The facility is expected to have up to 30 housing units and is slated for completion within the next two-and-a-half years, Elaine Taylor, the minister responsible for the women’s directorate, told a news conference on Tuesday.
That works out to roughly $333,000 per unit, about half the cost of the Canada Games’ athletes’ village.
And that estimated cost includes other facilities expected to be included in the affordable housing complex, such as a communal kitchen, library, security and firefighting measures and daycare services, said women’s directorate spokesperson Brenda Barnes.
Exactly what will be included in the complex will be determined through consultations with women and stakeholders, she said.
There are currently 65 people waiting for social housing in Whitehorse.
And 38 per cent of those are single mothers with children.
Another 11 per cent are women who suffered abuse.
“There’s a need to increase access to affordable housing for women in the Yukon,” said Taylor.
“This will help to reduce the incidence of violence against women.”

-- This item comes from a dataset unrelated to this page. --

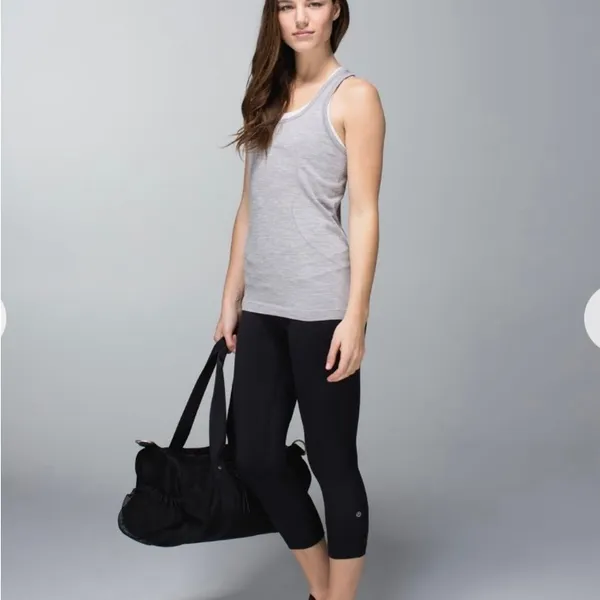 Lululemon Inspire Crop II *Luxtreme in Black size 8 - Image 6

The government plans to find a location, buy land, design the building, deal with zoning issues and tender the project, she said.
“I am hesitant to say whether it will be ready next year,” she said.
“But (it will be) within the next two to two-and-a-half years.”
Narrow Gauge Contracting is also planning an affordable housing complex.
Located near the community gardens, the two-storey building would contain eight two-bedroom units and four one-bedroom apartments.
The two-bedroom units would sell for $199,000, said Narrow Gauge owner Doug Gilday on Tuesday.
Although he’s had no trouble selling his high-end condos, Gilday decided to dabble in affordable housing.
“The market needs it,” he said.
“And I guess you could say we’re motivated by our conscience to try and do something.”
If Gilday gets buy-in, Narrow Gauge will break ground in the spring, and the apartments will be ready by fall, he said.
The building will be energy efficient and have good air quality, he said. Because it is only two storeys, Narrow Gauge can cut costs by eliminating the need for an elevator or a sprinkler system.
Funding for the government’s new affordable housing complex is being drawn from the northern housing trust fund, a federal grant.
The project will be managed by the Yukon Housing Corp.
A woman-only building was rejected in initial consultations.
Women’s groups, transition homes and social housing clients suggested secure housing close to schools, daycares, and transportation, according to those initial consultations.
As a result, the government is considering including larger social housing units within its new complex to accommodate women with children, said Taylor.